Not at all, even though Kalpana ji's films were invariably recognised and applauded at different award ceremonies and film festivals. Daman was far ahead of its time. At that time, even talking about marital rape and domestic violence was taboo of sorts. Most people were not ready for a film like that. When it got the National Award, there was a lot of hue and cry. They said how can the heroine of a commercial film like Raveena Tandon get the National Award? But, I think the jury was convinced that the film was delivering a big message to society. They were also convinced about its premise and the performance of the star cast. Till that time women were generally portrayed in Hindi films with characters mouthing dialogues like "Mera Pati Mera Devta Hai (My husband is my god)".

Not only that, if the hero of a film wanted to kill a villain onscreen, his sister would offer to kill herself to protect her husband. For the first time in Daman, a woman killed her husband in order to save her child from the circumstances that she herself had gone through. It was a path-breaking film. There was, of course, a risk in making it, but it was worth taking since the film was widely accepted.

Yet, very few films have been made in Bollywood on the subject of marital rape since then...

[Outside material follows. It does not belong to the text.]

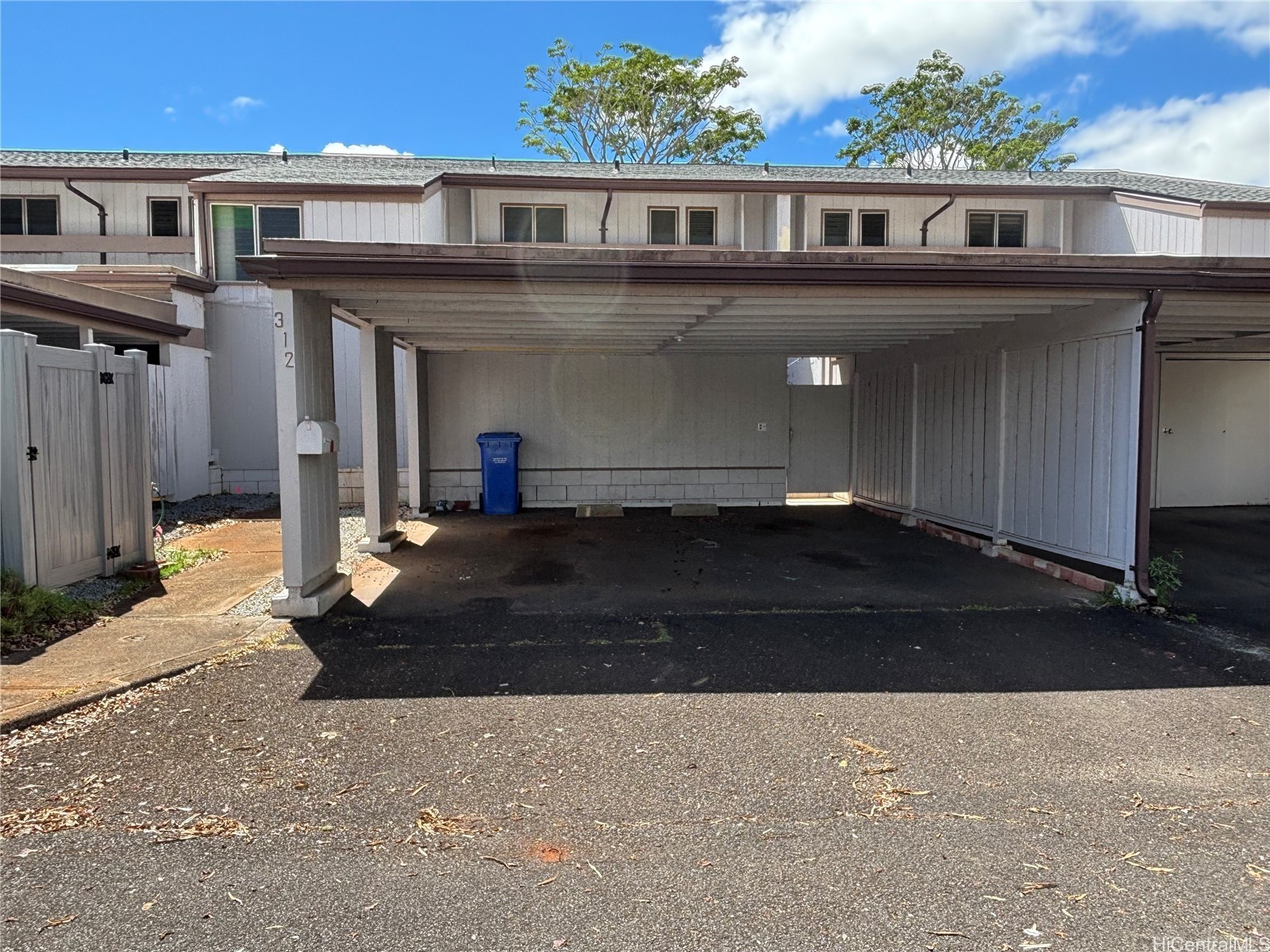95-625 Nawenewene Circle 312 — photo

It is true that very few films have been made on this subject so far. But, it has always been my endeavor to work in films that have a strong message for society. I hope that other artistes will also continue to raise such issues on bigger platforms to create mass awareness.

Marital rape and domestic violence are big issues today. I have been reading about how even two judges of the Delhi High Court have different views on this. Nonetheless, I feel that slowly but surely, things will definitely change in the times to come. We all have to try for this. 

Do you think our society is moving in that direction where every marital relationship will be based on equality between husband and wife?

As far as equality is concerned, people often call India a third world or underdeveloped country, but they forget that many queens had ruled and fought for the country many centuries ago, whereas, in a country like England, women were allowed to cast their votes for the first time in 1918 only. It is true that we have some shortcomings here, but India has made laws to ensure the rights of women from the very beginning. Women have always played a strong role in every field since Independence, be it politics, army, or police force. Women are overcoming every obstacle to move ahead in life. I am optimistic that the situation will definitely change for the better.

What change have you noticed in the status of women in Bollywood from the time you started your career?

The film industry has also changed a lot. Strong characters are being written for women actors today. Movies are being made around him. More changes will be seen in the future.

You were recently seen in a hit web series Aranyak web series and in the mega-hit movie, KGF Chapter 2. Are actresses like you getting more opportunities due to the advent of OTT?

I think this is a great time for the cinema. Good films are being made on good stories. I think this trend will continue and cinema will get bigger and better than before.